Interpolation Not Enabled

If the interpolateComponentConfiguration setting is not enabled, the component will not be able to subscribe to the necessary MQTT topics and will fail on startup.

The component log will report:

awsiot.greengrasscoreipc.model.UnauthorizedError

This will manifest as a certificate rotation job execution staying in the QUEUED state.

Job Execution Events Disabled

The cloud backend CDK application includes a Lambda that subscribes to jobs events, specifically job execution events. Job execution events are disabled by default in AWS IoT Core. The cloud backend CDK application enables these events when it's first deployed.

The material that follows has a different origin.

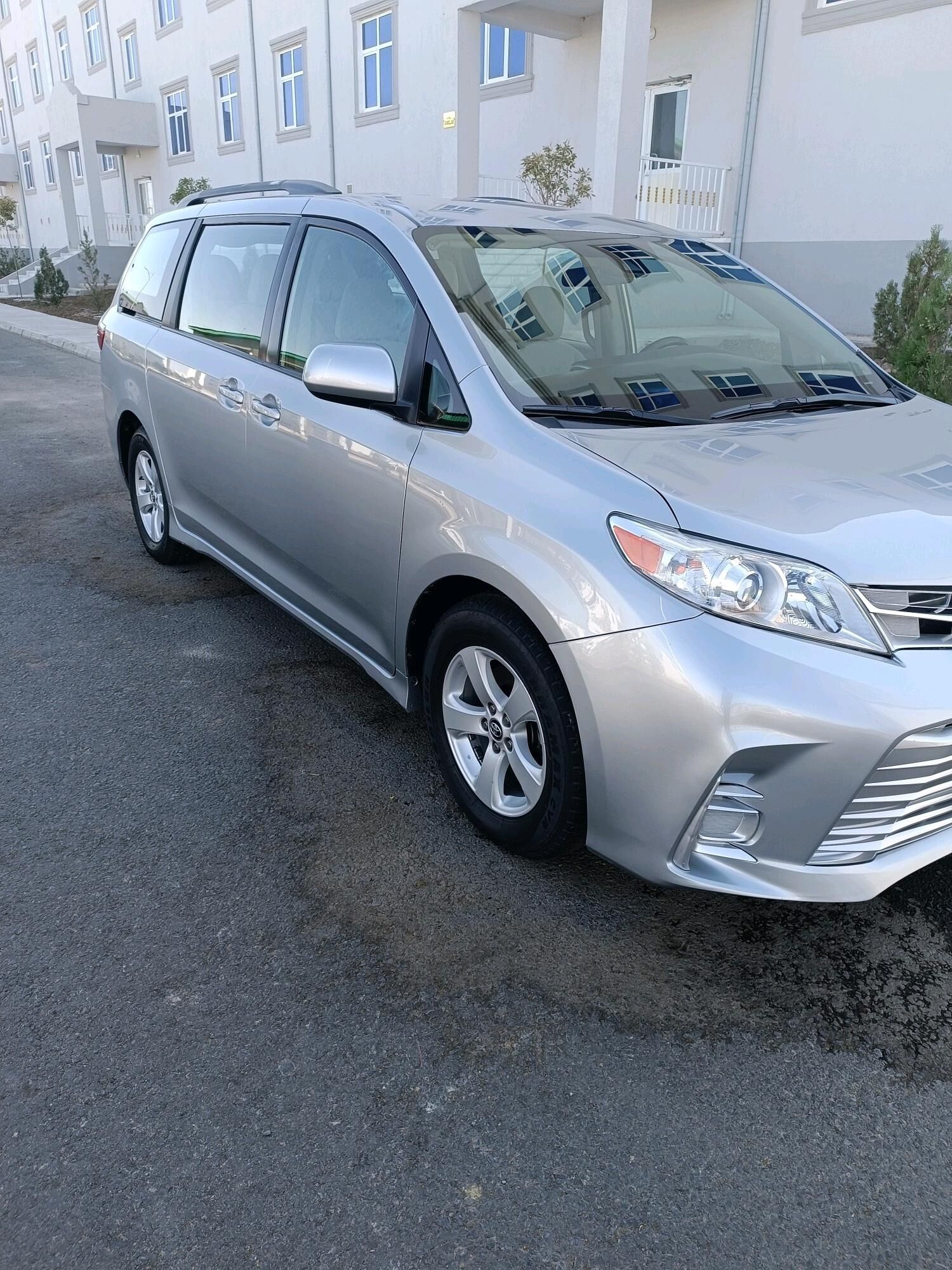 Toyota Sienna 2019 - 400 000 TMT - Векильбазар - img 4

If job execution events are inadvertantly disabled, the AWSLabsCertificateRotatorJobExecutionTerminal Lambda will not run during certificate rotations. Therefore, the old certificate will not be deleted at the conclusion of a rotation job. The first rotation job after disabling the events will conclude as SUCCEEDED. However the problem will manifest as subsequent jobs concluding as FAILED within a few seconds of the job being created.

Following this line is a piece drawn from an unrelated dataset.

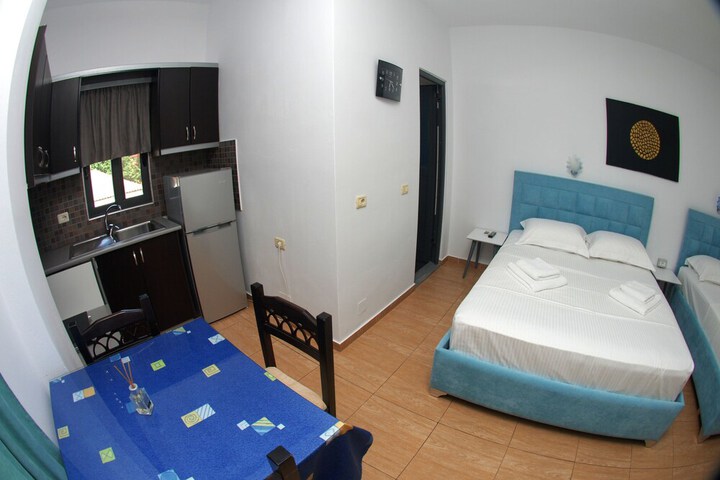Room 22 of 103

The component log will report that it received awslabs/things/thingName/certificate/create/rejected with an error message:

Pre-conditions not met

The Thing can be checked to see if it has more than one certificate attached. If so, the older certificate should be detached. And job events should be re-enabled as follows:

aws iot update-event-configurations --event-configurations "{\"JOB_EXECUTION\":{\"Enabled\": true}}"

Development and Testing

This solution is an extensible reference implementation. This section documents the code quality measures used during development, should you wish to modify or extend the solution.

Static Analysis

Static analysis is performed using Pylint. Example execution:

pylint artifacts backend/lambda libs tests *.py

Unit Tests

Unit tests are performed using pytest.

Example execution:

pytest --cov=.

With branch coverage reported:

pytest --cov=. --cov-branch

Producing an HTML coverage report in the htmlcov directory:

pytest --cov=. --cov-branch --cov-report=html

Producing a coverage report for just the on-device artifacts:

pytest --cov=artifacts --cov-branch

Security Scanning

Security scanning is performed using Bandit. Example execution:

bandit -r -v artifacts backend/lambda libs *.py

Automated Integration Tests

This repository includes an automated integration test suite built on top of Robot Framework. This can be run on demand from the command-line but it is also included as part of the CI/CD pipeline.

CI/CD Pipeline

This repository offers a CodePipeline CI/CD pipeline as a CDK application. This can be optionally deployed to the same account as the Greengrass core devices and the cloud backend. This pipeline is intended for use in DEV, TEST or NON-PROD environments to support testing and development of this component and associated backend.

This CI/CD pipeline automates the build and deployment of both the Certificate Rotator Greengrass component and the cloud backend CDK application. Additionally, it runs the automated integration test suite after deployment.

CDK Unit Tests

Both the cloud backend and the CI/CD pipeline CDK applications are supplied with unit tests. Example execution:

npm run tests

CDK Nag

Both the cloud backend and the CI/CD pipeline CDK applications use the AWS Solutions rules pack of CDK Nag to validate their stacks at the time of synthesis.

Test Fleet

The Greengrass EC2 Device Farm is a convenient way to bring up a disparate fleet of Greengrass devices. This component has been tested against the operating systems and machine architectures supported by the farm. Additionally, it has been tested against a Raspberry Pi 4 with Raspbian OS 10 (Buster) 32-bit (armv7l), with SoftHSMv2 for PKCS#11/HSM coverage.